According to U of T’s Getting Ready for Online web page, “online courses will take as much time and are as academically rigorous (or more rigorous) as a face-to-face course.” This implies that U of T’s goal amidst course changes has been to maintain course difficulty above all else.
The question on students’ minds then becomes, why does the transition to online learning require that online classes be more demanding than in-person ones?
In U of T’s COVID-19 Academic Continuity Strategy: 2020–2021, U of T wrote that one of its central pillars for academic planning is to provide a manageable workload. However, this concern that the workload will become too strenuous is specifically geared toward professors and employees of the university — not students.
In fact, professors have incorporated a heavy workload into learning in an effort to engage students; however, this has become problematic. U of T’s new online “flexible course design” recommends increased engagement outside of the classroom.
Extra course material could include group projects, student-led discussions, peer feedback activities, and more. The extra course involvement asks for supplemental, weekly completions that are graded as well. These excess tasks that professors are now using to grade students have started to become overwhelming.
U of T Student Life offers tips on how to succeed in online learning. These tips include setting up a good workspace, building a routine, engaging in the content by asking questions and taking notes, reaching out to the community by talking with professors, creating study groups, seeking mentorship, and setting clear expectations by reaching out to your registrar and other supports.

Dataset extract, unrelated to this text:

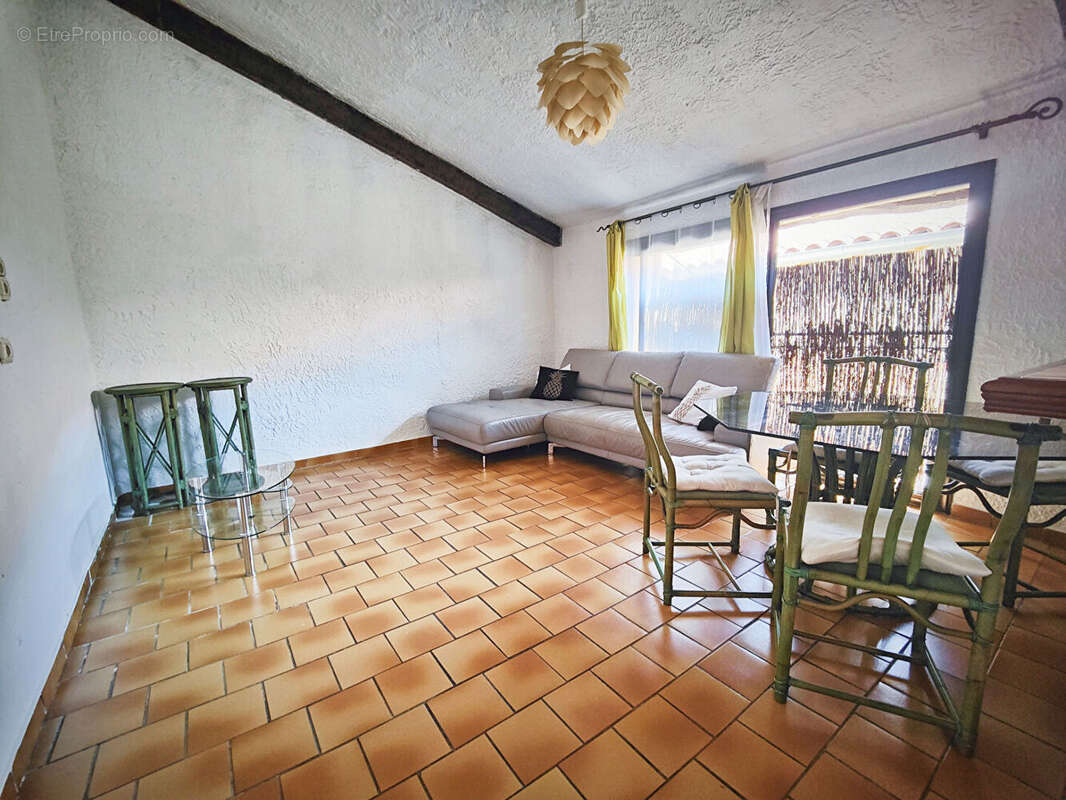 Maison à L'ESCARENE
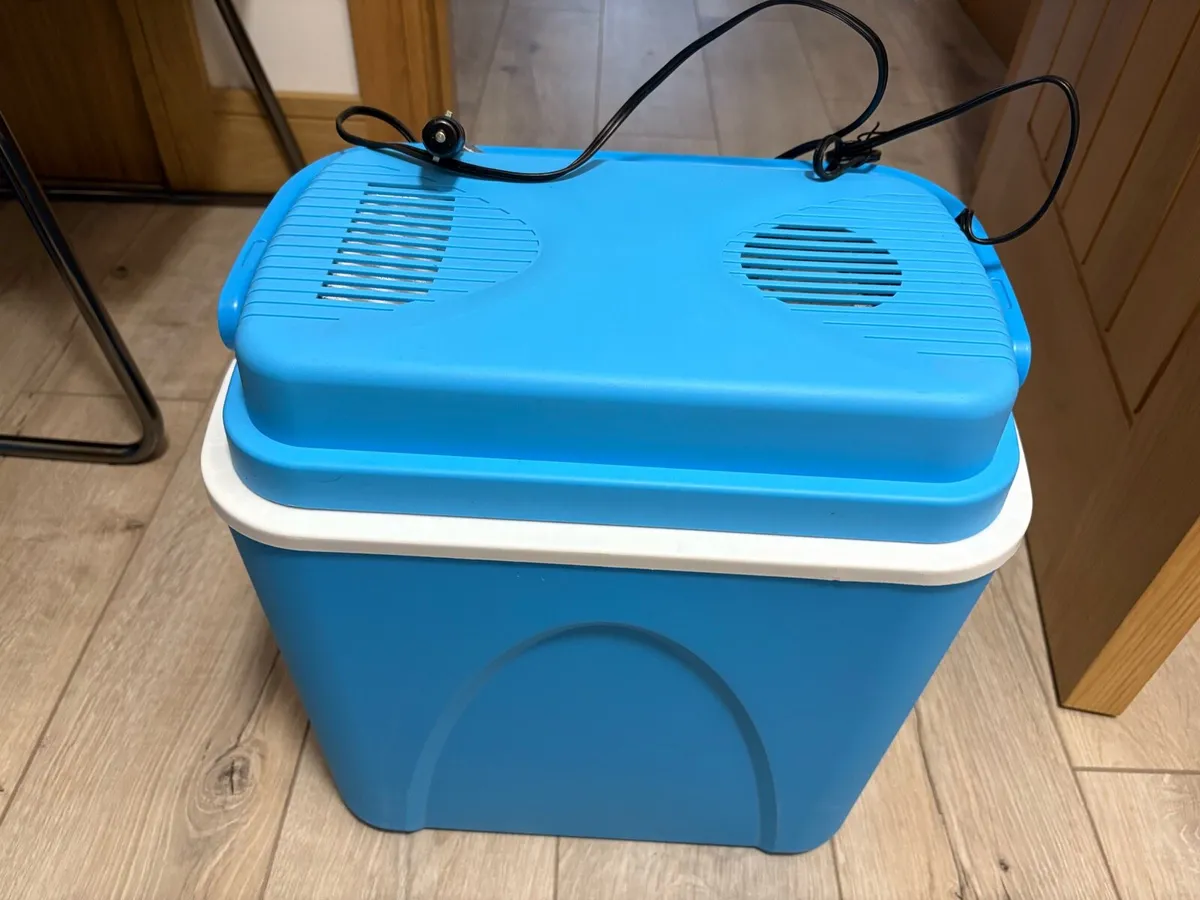 12 volt cooler box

Most of this advice is common knowledge and geared toward being a productive student in general. However, none of these ‘tips’ are specific to the struggles that students are facing with an online workload.
Falling behind at U of T is simply not an option. The university demonstrates that it expects its students to stay on track and nothing less. As such, there is no guidance for when students do fall behind, only advice on how to avoid it.
Students’ anxieties stemming from online learning also revolve around time management. U of T should not assume that online learning means more time. The Getting Ready for Online webpage tiptoes around the issue of why students could lack motivation, or how to recover from piles of overdue work.
On the upside, the website does offer helplines and student support programs for when students become distressed. The website transitions from how to avoid overdue work to resources to seek when in need of help for mental health.
Mental health helplines and programs are a necessity; however, there is no acknowledgement for other necessities, like how to get back on track with work. The webpage indicates that U of T does offer academic support, but again, it links back to U of T Student Life and Accessibility Services without addressing the central problem at hand.
Students are doing their best during these trying times. Instead of claiming students have poor time management, there should be questions pertaining to whether the workload is too demanding and supports for when students aren’t able to meet these demands.
Multiple opinion pieces have highlighted the difficulties of online classes; it should be up to the professor to make changes and reduce stress for students. It has always been up to the student to meet impossible expectations, but this needs to change.
U of T needs to modify its focus from blaming students to looking at how course requirements have shifted and if this shift is too much for students to bear. The lack of these modifications creates an inaccessible learning environment for students with mental illnesses or disabilities. Not everyone can keep up with the university’s ever-growing academic expectations, and not everyone should.
Professors and administrators do not need to change the curriculum, but rather listen to students on how to improve online learning. Altering the course requirements of a midterm or responding to expectations that are overbearing could drastically shift the online learning experience.
Falling behind has become easier during the pandemic because of these flexible course designs. As such, if professors and administrators argue that these course designs are indeed flexible, they should be easy to modify to support student excellence.
Natasha Lewis is a fifth-year criminology and English student at Victoria College.